Green: I had a friend who had breast cancer, had a double mastectomy and wanted me to make jokes about it. And then I did, and she enjoyed it and felt it was a cathartic moment for her, and the rest got upset. ... Audiences love to get offended on behalf of people that they can't be bothered to talk to.

SFW: What topics make people really nervous in the audience, especially in San Francisco?

Kasher: Coffee beans. If it's not single-origin, people aren't ready to joke about that.

Green: Yeah, if you say you really love Robusta coffee, people get very uncomfortable.

Kasher: Those Keurig cups? I can't even go there. I don't even have the comedic chops to be able to make that funny.


Green: I talk about things that make people uncomfortable all the time, but I try to be responsible about being clear who the butt of the joke is, and at whose expense. I'm sort of in the camp that says comedy should punch upwards. ... [But] I might have an above-average number of Holocaust jokes in my act, relative to most comedians. I finally did a Holocaust joke that went too far for my mom, and now my mom is boycotting my act until I stop doing that joke.

Kasher: To me, the idea of a Jewish comedian defying his mother is more offensive than any Holocaust joke could ever be.

SFW: So what's the gist of the Holocaust joke?

Green: There's some loose talk about lampshades.

SFW: Oh, no!

Green: I agree, oh, no!

Kasher: "Punching up," I don't know what that means. That's a new kind of comedy — no, that's a new blogosphere buzzword that means nothing. I don't know what punching up is, or punching down. I just think, funny, that's what's important. Also, attendance at Iron Comic and the other Sketchfest shows. That's what's important.


Kasher: I started getting a bunch of articles forwarded to me that said, "Yes it's terrible what happened, and no we're not excusing what happened, but ... these [Muhammad] cartoons were offensive, they were obscene, they were racist, they were awful." And I'm not a big believer in any of that information that comes after the "but." To me, comedy is valuable ... despite the fact that it's offensive, and probably because it's offensive. Free speech isn't something that we kinda have to bite our tongues and accept ... it's kind of a foundation stone of having a free society, that we embrace the obscene.

SFW: What do you think, Nato?

Green: I think I'm going to kill Moshe.

Kasher: I accept that as a thing that is covered under free speech! I celebrate Nato for his threats on my life.


Kasher: Moving to L.A. feels like a betrayal of everybody's principles, and often those principles include self-published poetry zines. ... My friend Greg Behrendt is also a Bay Area guy who moved to L.A. "If you want to get into show business," he said, "this is where they keep it."

Green: The Bay Area is a great place to start out as a comic, and develop your voice and your point of view ... but then you hit a ceiling. And if you want to go past that ceiling, which I don't, then you have to move.

Kasher: Nato has children, so he can't approach the ceiling. He has to stay in the basement.
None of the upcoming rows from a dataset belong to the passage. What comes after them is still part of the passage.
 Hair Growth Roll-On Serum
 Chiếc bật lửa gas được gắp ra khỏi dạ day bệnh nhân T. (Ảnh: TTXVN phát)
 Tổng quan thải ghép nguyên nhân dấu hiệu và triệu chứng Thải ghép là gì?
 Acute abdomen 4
Green: Moshe will tell me that he's come home, changed the underwear in his suitcase, and then gone out on the road again. I can't be a good dad and live on the underwear-suitcase-rotation system.
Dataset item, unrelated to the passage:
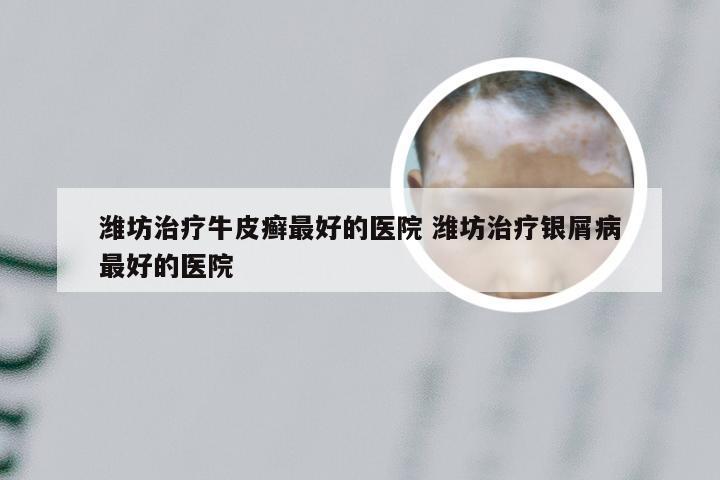 潍坊治疗牛皮癣最好的医院 潍坊治疗银屑病最好的医院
Kasher: Some comedians are incredibly revealing and intimate, like Tig Notaro and Louis C.K., and some comedians are filled with artifice and persona, like Zach Galifianakis or Jerry Seinfeld. I don't think that either of [those approaches] are any better or worse than the other. They're just a totally different comedy product.

SFW: And then you write something like Kasher in the Rye, which is very personal.
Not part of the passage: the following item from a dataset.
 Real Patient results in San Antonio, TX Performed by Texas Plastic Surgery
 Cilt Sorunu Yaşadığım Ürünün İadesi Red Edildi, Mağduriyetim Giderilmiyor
Kasher: You don't quite realize how much of yourself you've put out there until you put it out there. You realize, oh my, everyone I meet knows everything about me, everything about my childhood. And they have an intimate relationship with you, and you've never met them.


Kasher: The worst heckler I ever had was Nato Green at Iron Comic. He just kept screaming about his children. And punching up the jokes.

Green: It was probably my mom, because she was worried about what the goyim would think. Also, I make fun of the rich and the powerful too much, and they're gonna figure out how to kill me.